TASK DETAILS →
Because only the text is wanted, repeat the records below exactly and omit the pictures.

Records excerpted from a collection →
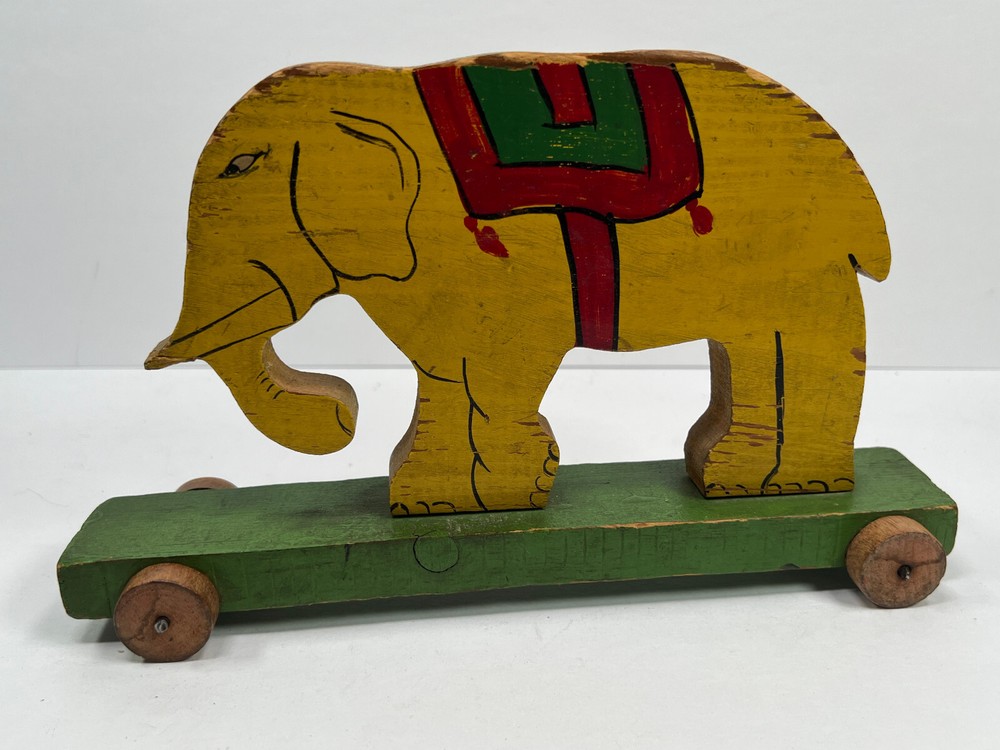 Antique Folk Art Circus Elephant Pull Toy hand painted primative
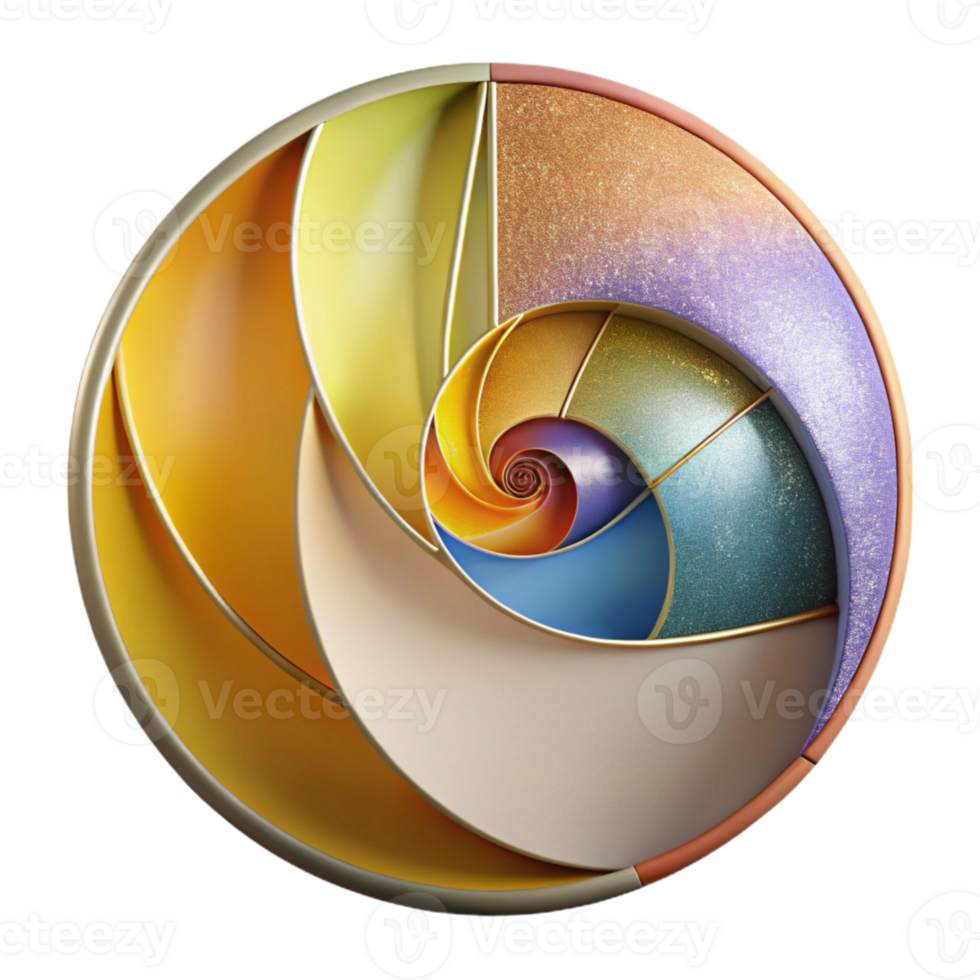 elegant abstract Fibonacci Sequence Diagram Cutout for Mathematical Art png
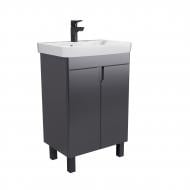 Тумба Мойдодыр напольная/подвесная Simple Graphite 55-U с умывальником River 55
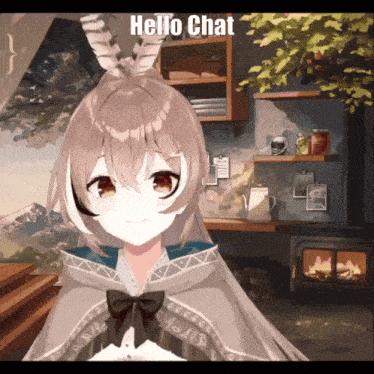 a picture of a girl with horns and the words hello chat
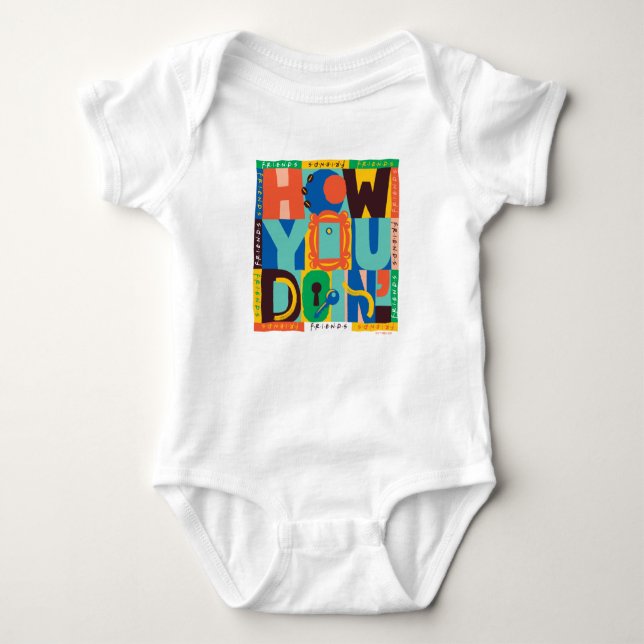 FRIENDS™ | How You Doin' - Vibrant Graphic Baby Bodysuit (Front)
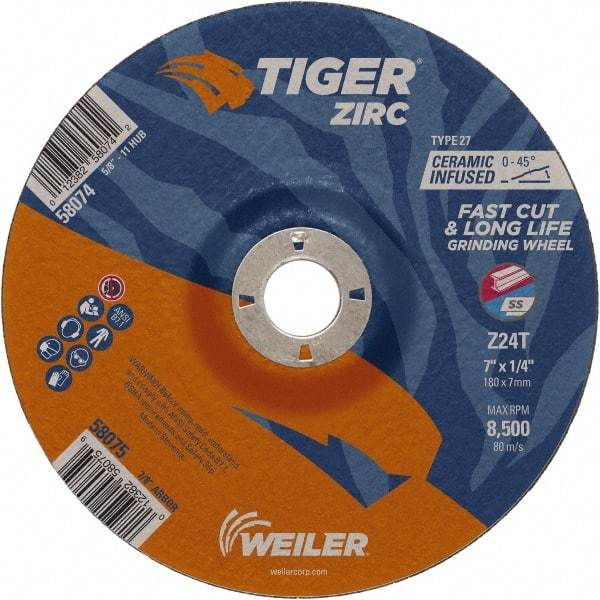 Weiler - 24 Grit, 7" Wheel Diam, 1/4" Wheel Thickness, 7/8" Arbor Hole, Type 27 Depressed Center Wheel - Coarse Grade, Zirconia Alumina, Resinoid Bond, T Hardness, 8,500 Max RPM - USA Tool & Supply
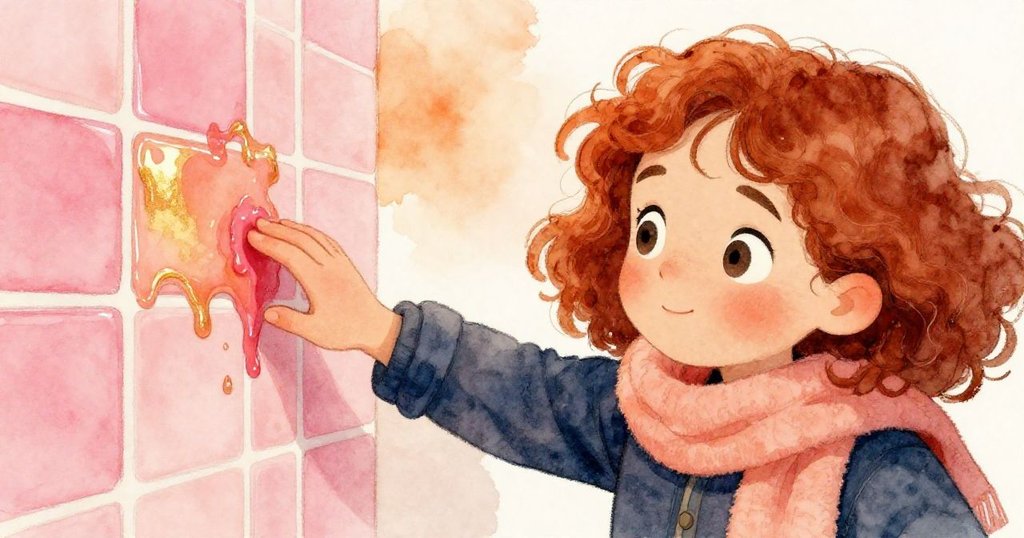 蕊輕觸發光瓷磚上粘稠痕跡，柔桃圍巾借漆痕透出半透明質感，細節逼真展現探究瞬間。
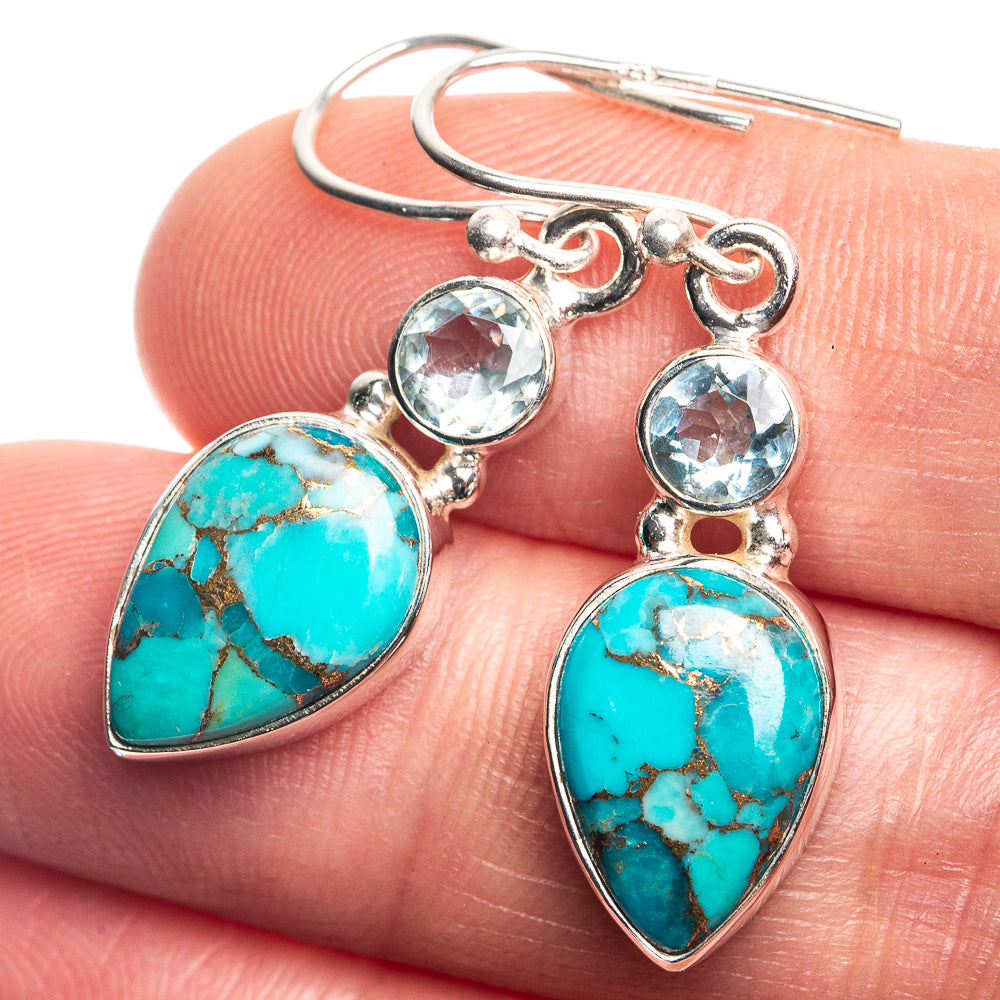 Blue Copper Composite Turquoise, Blue Topaz Earrings 1 3/8" (925 Sterling Silver) E432787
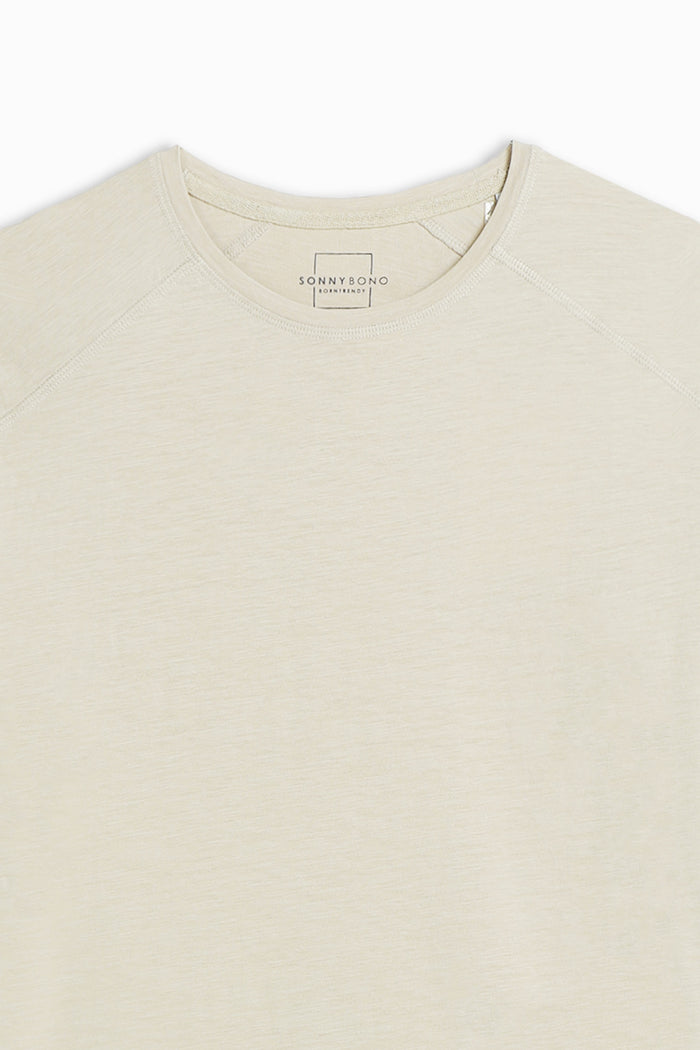 T-SHIRT GIROCOLLO BASIC SLUB BEIGE CHIARO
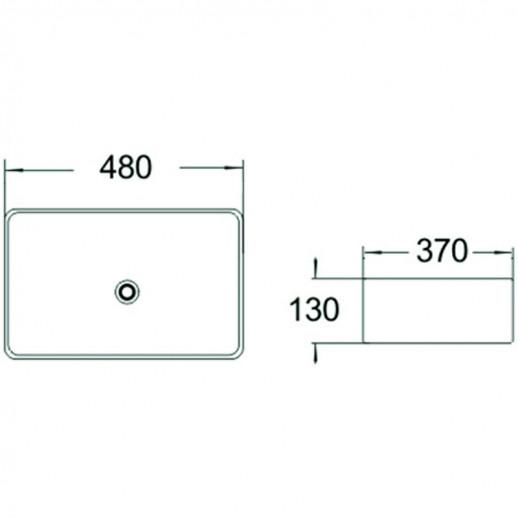 Раковина-чаша SantiLine 48 SL-1010MB Черная матовая Накладная Прямоугольная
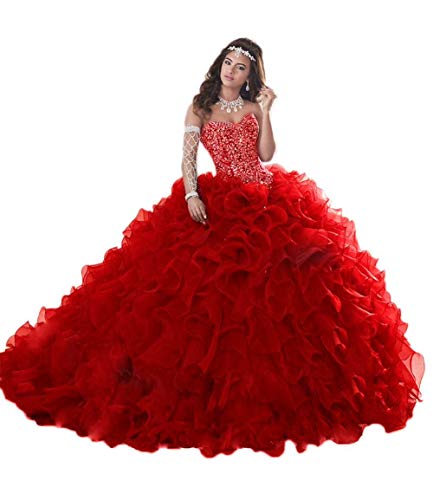 Jerald Norton Ltd Gorgeous Heavy Beaded Organza Quinceanera Dress For Sweet 16 Princess Ball Gowns Red #TOP24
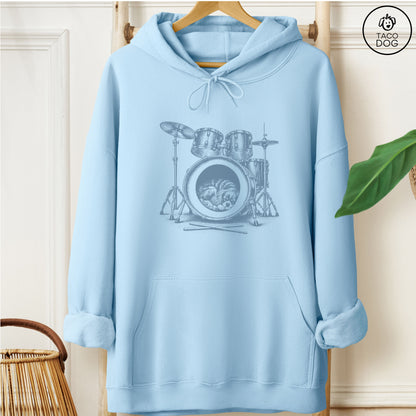 Cavalier King Charles Spaniel Drum Hoodie Light Blue Taco-Dog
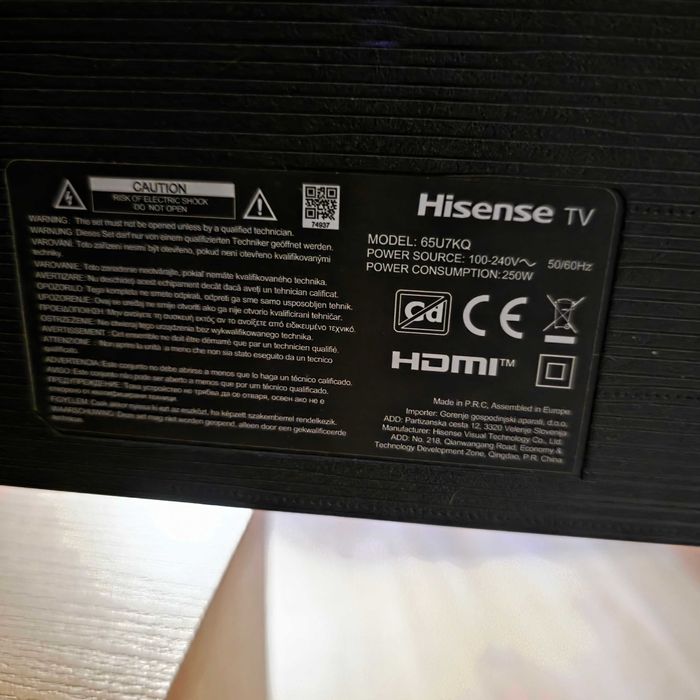 Sprzedam TV  HISENSE 65U7KQ  mini-led stan idealny na gwarancji+ubezp.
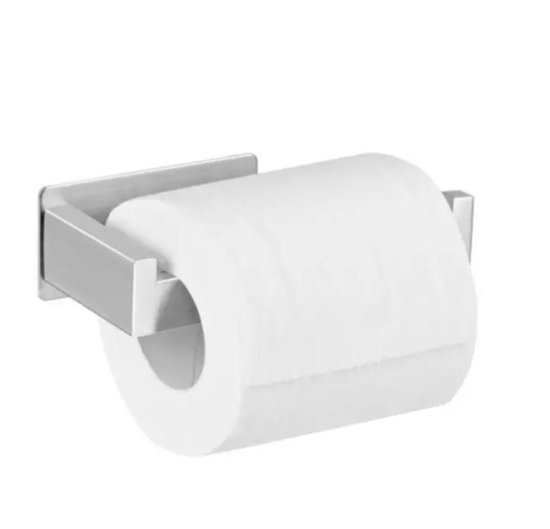 Luchtvaart Perforatie optellen Luxe Zelfklevende toiletrolhouder RVS & verchroomd - WC rolhouder - Modern  & stylvol... | bol.com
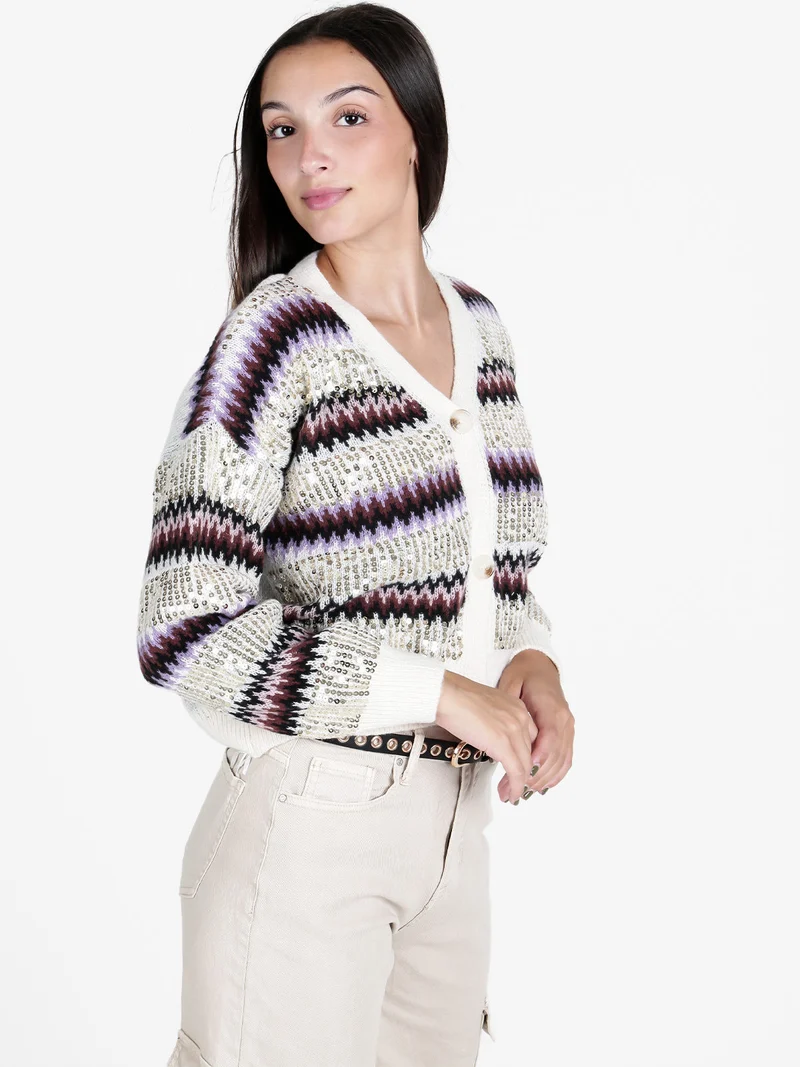 Cardigan donna crop con paillettes - beige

SOLUTION TO THIS EXERCISE →
 Antique Folk Art Circus Elephant Pull Toy hand painted primative
 elegant abstract Fibonacci Sequence Diagram Cutout for Mathematical Art png
 Тумба Мойдодыр напольная/подвесная Simple Graphite 55-U с умывальником River 55
 a picture of a girl with horns and the words hello chat
 FRIENDS™ | How You Doin' - Vibrant Graphic Baby Bodysuit (Front)
 Weiler - 24 Grit, 7" Wheel Diam, 1/4" Wheel Thickness, 7/8" Arbor Hole, Type 27 Depressed Center Wheel - Coarse Grade, Zirconia Alumina, Resinoid Bond, T Hardness, 8,500 Max RPM - USA Tool & Supply
 蕊輕觸發光瓷磚上粘稠痕跡，柔桃圍巾借漆痕透出半透明質感，細節逼真展現探究瞬間。
 Blue Copper Composite Turquoise, Blue Topaz Earrings 1 3/8" (925 Sterling Silver) E432787
 T-SHIRT GIROCOLLO BASIC SLUB BEIGE CHIARO
 Раковина-чаша SantiLine 48 SL-1010MB Черная матовая Накладная Прямоугольная
 Jerald Norton Ltd Gorgeous Heavy Beaded Organza Quinceanera Dress For Sweet 16 Princess Ball Gowns Red #TOP24
 Cavalier King Charles Spaniel Drum Hoodie Light Blue Taco-Dog
 Sprzedam TV  HISENSE 65U7KQ  mini-led stan idealny na gwarancji+ubezp.
 Luchtvaart Perforatie optellen Luxe Zelfklevende toiletrolhouder RVS & verchroomd - WC rolhouder - Modern  & stylvol... | bol.com
 Cardigan donna crop con paillettes - beige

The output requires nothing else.